Drug products are considered to be therapeutic equivalents only if they are pharmaceutical equivalents and if they can be expected to have the same clinical effect and safety profile when administered to patients under the conditions specified in the labeling. FDA classifies as therapeutically equivalent those products that meet the following general criteria: (1) they are approved as safe and effective; (2) they are pharmaceutical equivalents in that they (a) contain identical amounts of the same active drug ingredient in the same dosage form and route of administration, and (b) meet compendial or other applicable standards of strength, quality, purity, and identity; (3) they are bioequivalent in that (a) they do not present a known or potential bioequivalence problem, and they meet an acceptable in vitro standard, or (b) if they do present such a known or potential problem, they are shown to meet an appropriate bioequivalence standard; (4) they are adequately labeled; and (5) they are manufactured in compliance with Current Good Manufacturing Practice regulations.
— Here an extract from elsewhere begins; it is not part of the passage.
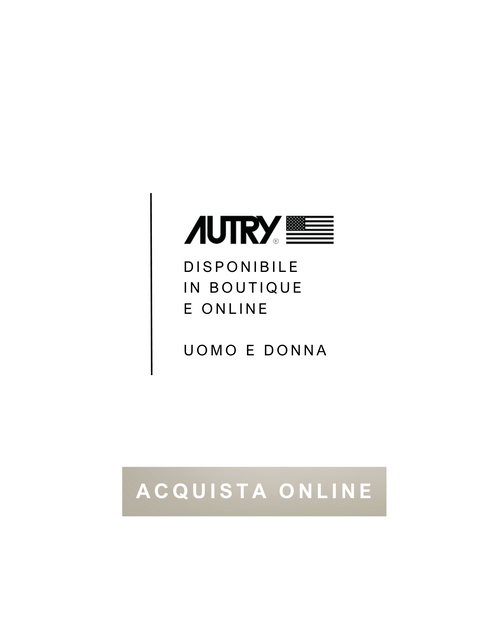Abbigliamento e accessori Titolo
Generic products may differ in certain other characteristics such as shape, scoring configuration, drug release mechanisms, packaging, excipients (including colors, flavors, preservatives), expiration date/time and minor aspects of labeling (e.g., the presence of specific pharmacokinetic information) and storage conditions. When such differences are important in the care of a particular patient, it may be appropriate for the prescribing physician to require that a particular brand be dispensed as a medical necessity. With this limitation, however, FDA believes that products classified as therapeutically equivalent can be substituted with the full expectation that the substituted product will produce the same clinical effect and safety profile as the prescribed product.
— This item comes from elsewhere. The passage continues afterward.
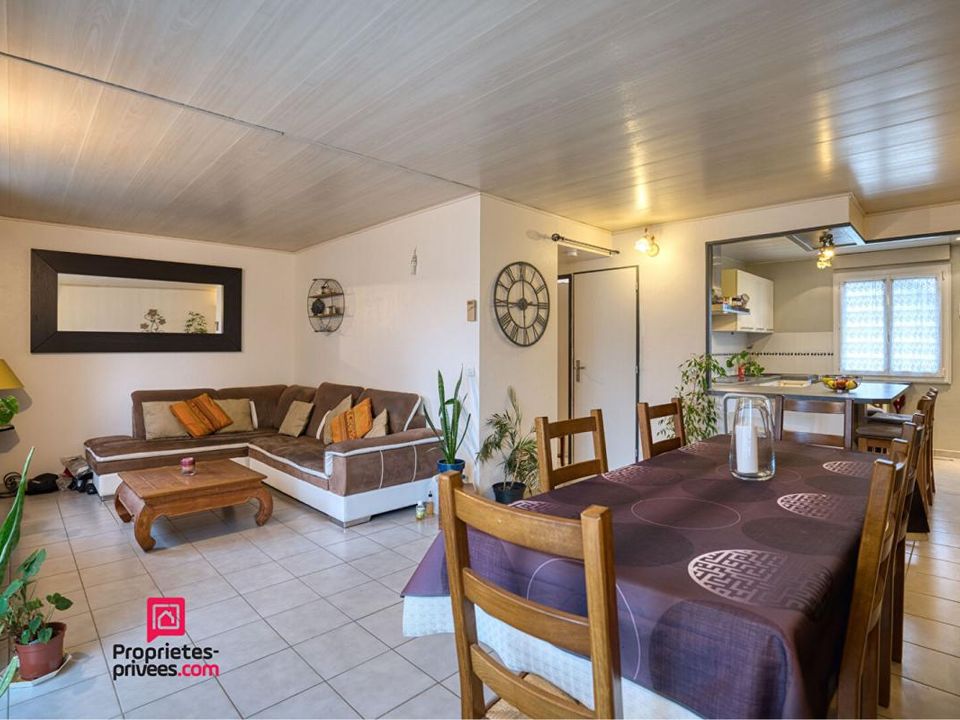 Villa in Mions, Rhone - foto 2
A generic drug product intended for systemic absorption by the oral route of administration is considered to be pharmaceutical equivalent to a reference product only if it contains the same (chemical) active, in identical amount, and in the same dosage form (e.g., tablet and capsule). The generic product can differ from its reference product in several aspects such as its composition (e.g., excipients), design features such as drug release mechanism, and manufacturing process. In vivo bioequivalence demonstration is necessary for oral drug products that present "a known or potential bio -problem" (criteria based on prior knowledge and characteristics such as aqueous solubility, intestinal permeability, etc.).  Bioequivalence studies are conducted in normal healthy volunteers using a cross-over design and are intended to demonstrate that the 90% Confidence Interval for generic/innovator ratio of key pharmacokinetic parameters (e.g., Cmax and AUC) are within 80-125% (acceptance goal post).  This same acceptance criteria generally applies for all oral dosage forms (i.e., a procrustean standard) and is considered to cover "worst case" scenarios.  Since this decision process relies on prior knowledge and limited (analytical) data/information on a specific product, it essentially is an "uncertainty management" process.  Its efficiency then is significantly dependent on the availability of "generalize-able" knowledge.  In terms of quality standards, compendial monographs on drug substance and drug product serve this role and their construction can have significant impact on regulatory decisions (with respect to allowable differences in generic products).  These standards, standard test methods (e.g., dissolution test) and the bioequivalence criteria then define an acceptable level of variability.  Achieving and conforming to these standards is then the characteristics of a generic drug quality decision system for achieving its goal - approved generic product is expected to have the same clinical effect and safety profile when administered to patients under the conditions specified in the labeling.  Post approval reports on potential in-equivalence observations are then monitored. 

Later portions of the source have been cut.